Network Interface Support for Shared Virtual Memory on Clusters

Report ID: TR-579-98
Author: Liao, Cheng / Bilas, Angelos / Singh, Jaswinder Pal
Date: 1998-03-00
Pages: 11
Download Formats: |Postscript|
Abstract:

Clusters of symmetric multiprocessors (SMPs) are important platforms for high performance computing. A lot of research has been done in building network interconnects and communication layers that deliver low-latency and high-bandwidth communication to the user. With the success of hardware cache-coherent distributed shared memory (DSM), a lot of effort has also been made to support the coherent shared address space programming model in software on clusters. However, performance is still far from that achieved on hardware DSM systems.

In this work we investigate the use of mechanisms in the software communication layer and the underlying network interface to substantially enhance the performance of shared virtual memory (SVM) on clusters of SMPs.
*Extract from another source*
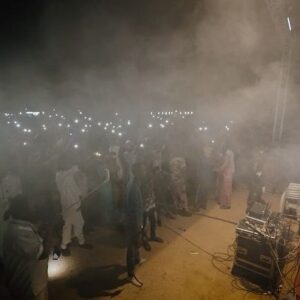 Caleb Rimtobaye Instagram - First show in Abeché, waaaw la famille !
We use a real implementation with a programmable network interface as our prototype, but our extensions are general-purpose and can be provided by network interfaces that do not employ a programmable processor.

We examine how the protocol layer can take advantage of each mechanism in the communication layer and be restructured accordingly. The final protocol (SVM-NI) eliminates the need for interrupts and asynchronous protocol handling. For each mechanism, we evaluate the impact on the end performance of ten applications with widely varying characteristics. We demonstrate that substantial improvements in performance can indeed be achieved, and find that different applications need different mechanisms among the ones we use. Application performance improves up to 50\% for applications that end up with reasonably good speedups; individual components of execution time targeted by each mechanism are reduced by even higher percentages. Finally, we use a firmware performance monitor, integrated with the communication layer, to understand the drawbacks of the system, to identify interesting tradeoffs in the protocol layer for future exploration, and to identify the remaining bottlenecks in SVM performance that should be addressed next.